In poche parole, con i grani moderni è aumentata la produzione, ma a scapito della salute.
E non è un mistero che parallelamente siano cresciute anche le grandi industrie farmaceutiche che ci vendono rimedi per problemi causati proprio da questa alimentazione.
Noi di Pentola Matta crediamo che il mondo sia stato creato in modo biologicamente perfetto ed equilibrato.
Ogni organismo, vegetale o animale, era pensato per essere in sinergia con gli altri.
Quando modifichiamo geneticamente un cereale, interrompiamo questo equilibrio.
Così, quando mangiamo pizza, pane, pasta o dolci preparati con farine da grani moderni, introduciamo nel nostro corpo un alimento che non appartiene alla natura originaria.
Il nostro intestino, infatti, lo riconosce come qualcosa di estraneo.
Ed è qui che nascono intolleranze, infiammazioni e malattie.
L’intolleranza al glutine, in realtà, è più che altro un’intolleranza al grano moderno, un grano “scadente”, creato in laboratorio.
Tutti noi siamo sensibili a questo tipo di glutine: c’è chi lo manifesta subito con le intolleranze e chi invece non ha sintomi, ma con il tempo gli effetti si accumulano ed ognuno di noi avrà delle conseguenze.
Ecco perché non ha senso scegliere prodotti “bio” se poi sono stati geneticamente modificati.
Il consiglio che vi diamo è semplice: almeno in casa, iniziate a preferire prodotti realizzati con grani antichi.
Ne esistono tanti: il Senatore Cappelli, la Semola Russello, la Maiorca, il Kamut – che in Italia chiamiamo Percisacchi – il farro, e così via.
Quando comprate la pasta, non lasciatevi ingannare da trovate di marketing come la “trafilatura al bronzo” etc…

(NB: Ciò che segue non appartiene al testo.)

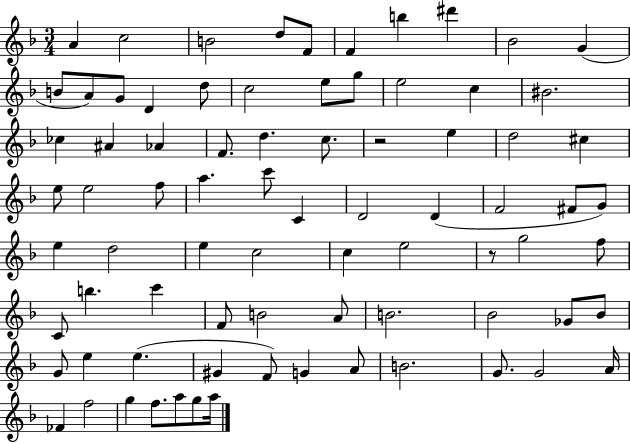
A4/q C5/h B4/h D5/e F4/e F4/q B5/q D#6/q Bb4/h G4/q B4/e A4/e G4/e D4/q D5/e C5/h E5/e G5/e E5/h C5/q BIS4/h. CES5/q A#4/q Ab4/q F4/e. D5/q. C5/e. R/h E5/q D5/h C#5/q E5/e E5/h F5/e A5/q. C6/e C4/q D4/h D4/q F4/h F#4/e G4/e E5/q D5/h E5/q C5/h C5/q E5/h R/e G5/h F5/e C4/e B5/q. C6/q F4/e B4/h A4/e B4/h. Bb4/h Gb4/e Bb4/e G4/e E5/q E5/q. G#4/q F4/e G4/q A4/e B4/h. G4/e. G4/h A4/s FES4/q F5/h G5/q F5/e. A5/e G5/e A5/s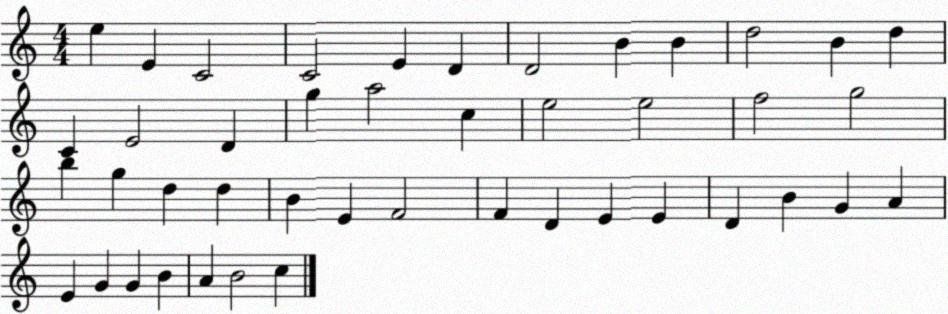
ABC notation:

X:1
T:Untitled
M:4/4
L:1/4
K:C
e E C2 C2 E D D2 B B d2 B d C E2 D g a2 c e2 e2 f2 g2 b g d d B E F2 F D E E D B G A E G G B A B2 c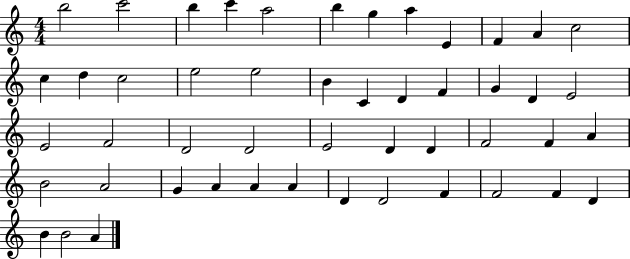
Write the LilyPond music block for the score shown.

{
  \clef treble
  \numericTimeSignature
  \time 4/4
  \key c \major
  b''2 c'''2 | b''4 c'''4 a''2 | b''4 g''4 a''4 e'4 | f'4 a'4 c''2 | \break c''4 d''4 c''2 | e''2 e''2 | b'4 c'4 d'4 f'4 | g'4 d'4 e'2 | \break e'2 f'2 | d'2 d'2 | e'2 d'4 d'4 | f'2 f'4 a'4 | \break b'2 a'2 | g'4 a'4 a'4 a'4 | d'4 d'2 f'4 | f'2 f'4 d'4 | \break b'4 b'2 a'4 | \bar "|."
}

Guardate invece la materia prima: scegliete pasta realizzata con semola di grani antichi.
Oggi, ad esempio, la pasta Senatore Cappelli si trova abbastanza facilmente nei supermercati. Certo, è sempre un po’ nascosta, perché le grandi marche non vogliono che tu la scelga. Ma se la cerchi con attenzione, vedrai che la troverai.
Lo stesso vale per la farina: controlla che sia di grani antichi. Con quella potrai preparare pane, pizza, focacce, dolci e pasta fresca dal sapore autentico, ottenendo prodotti più sani e nutrienti. E il tuo intestino ti ringrazierà.
Noi di Pentola Matta, nelle nostre ricette, utilizziamo solo prodotti di questo tipo: per il pane, pizza e dolci usiamo farina di grano tenero varietà Maiorca e semola varietà Russello; per la pasta, semola Senatore Cappelli.
L’essere umano è senza dubbio l’essere più intelligente della Terra, ma dovrebbe usare questa intelligenza per scopi più nobili e utili, non per giocare a modificare ciò che la natura ha creato in modo perfetto, sconvolgendo gli equilibri biologici della Terra e del nostro corpo.
L’intelligenza andrebbe impiegata per migliorare, non per distruggere ciò che funziona da milioni di anni.
Oggi abbiamo parlato del grano perché è l’alimento più diffuso, ma purtroppo l’essere umano ha modificato geneticamente anche molti altri vegetali.
Il risultato è sempre lo stesso: un peggioramento della qualità nutrizionale ed un danno crescente alla nostra salute.
Prossimamente parleremo anche di altri vegetali che purtroppo sono stati modificati sempre a nostro discapito.